Records supplied:
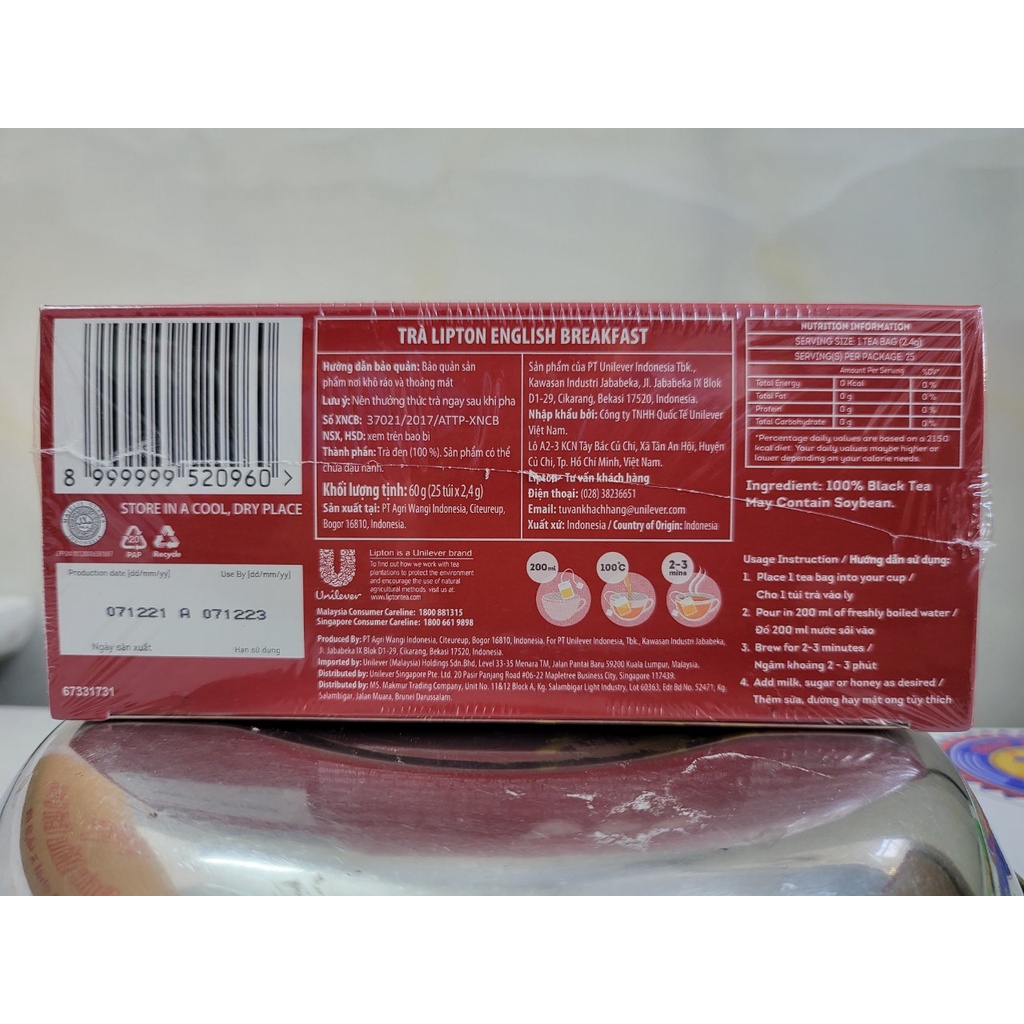 [Hộp ĐỎ 60g – ENGLISH BREAKFAST] TRÀ ĐEN TÚI LỌC [Indonesia] LIPTON Rich Black Tea Bags (halal)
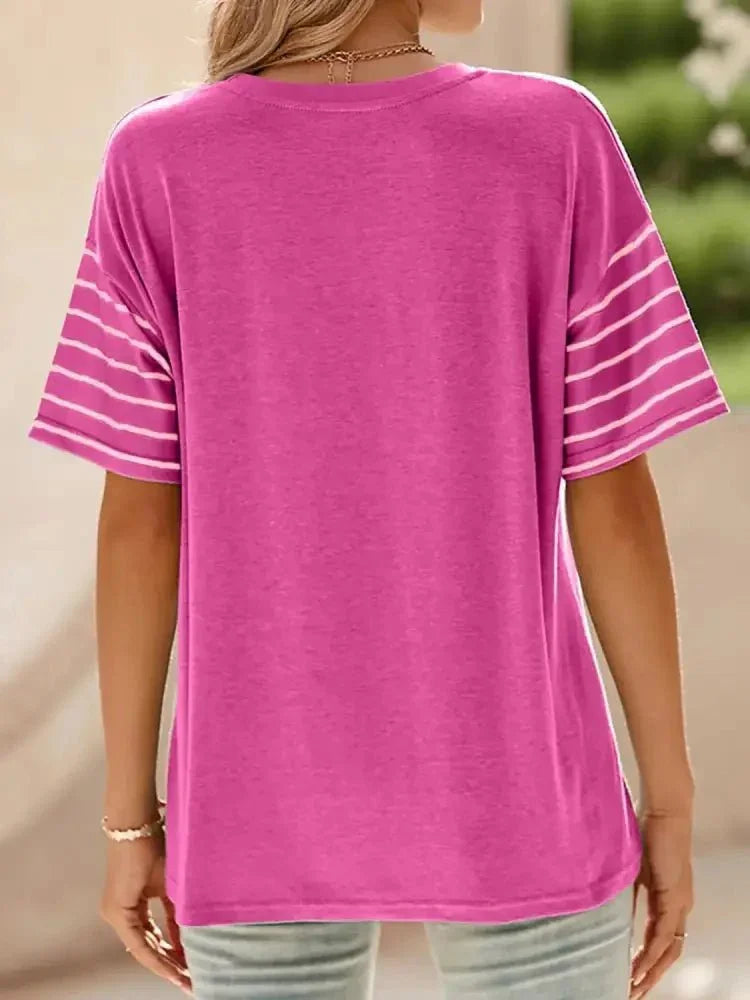Color Block Striped Sleeve Casual T-Shirt - Update AvenueT-ShirtsTrendsi100100987341112100100987341112f58197ef - 203c - 4a93 - 94cf - a55e81f01ea7 - Max - OriginHot Pink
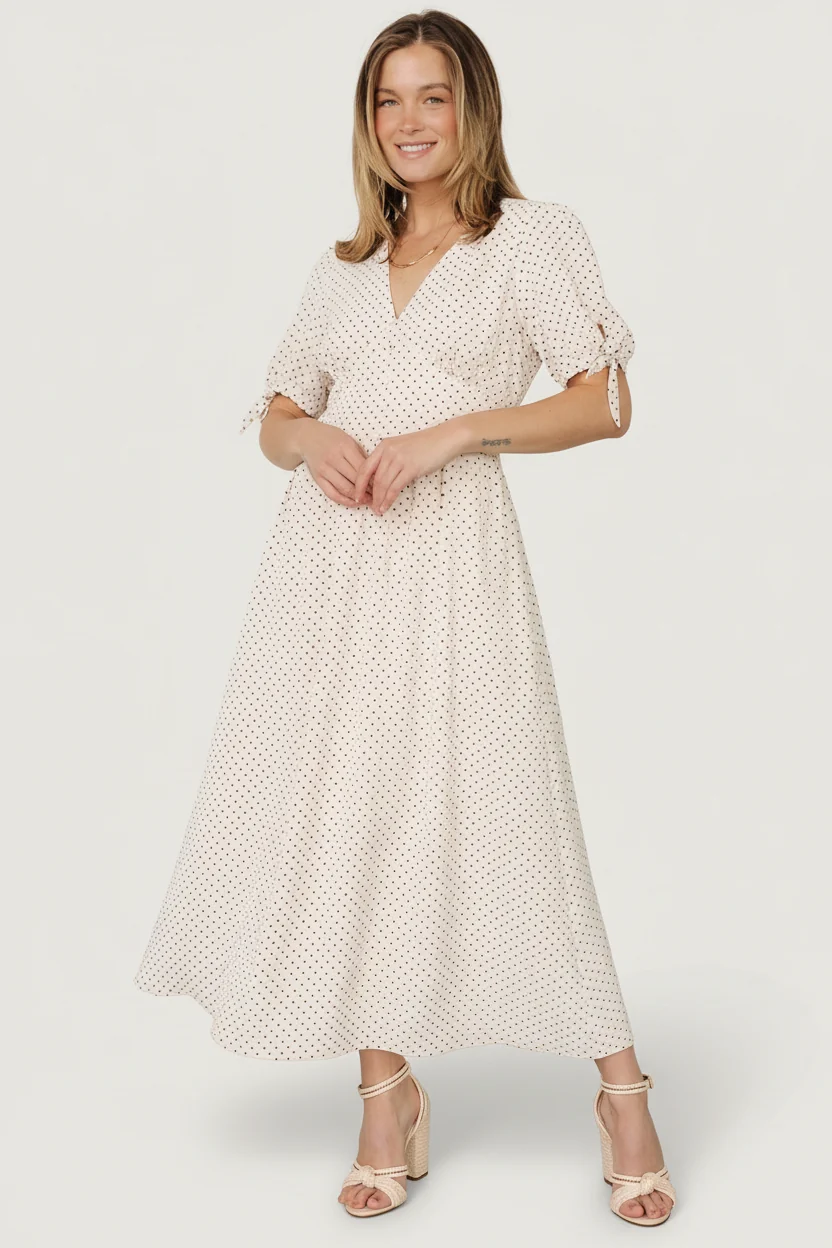 Millar Midi Dress - Natural Black Polka Midi 1 Millar Midi Dress - Natural Black Polka Midi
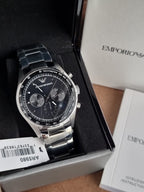 Emporio Armani Men’s Chronograph Stainless Steel Black Dial 43mm Watch AR5980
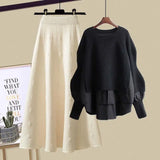 Winter Set for Women 2025 New Slimming Fake Two-piece Knitted Sweater Age Reducing Half Skirt Two-piece Set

What to work on: The lines from the beginning of the listing above through the line holding "Emporio Armani Men’s" are to be duplicated exactly, and the pictures omitted.

Solved problem:
 [Hộp ĐỎ 60g – ENGLISH BREAKFAST] TRÀ ĐEN TÚI LỌC [Indonesia] LIPTON Rich Black Tea Bags (halal)
Color Block Striped Sleeve Casual T-Shirt - Update AvenueT-ShirtsTrendsi100100987341112100100987341112f58197ef - 203c - 4a93 - 94cf - a55e81f01ea7 - Max - OriginHot Pink
 Millar Midi Dress - Natural Black Polka Midi 1 Millar Midi Dress - Natural Black Polka Midi
 Emporio Armani Men’s Chronograph Stainless Steel Black Dial 43mm Watch AR5980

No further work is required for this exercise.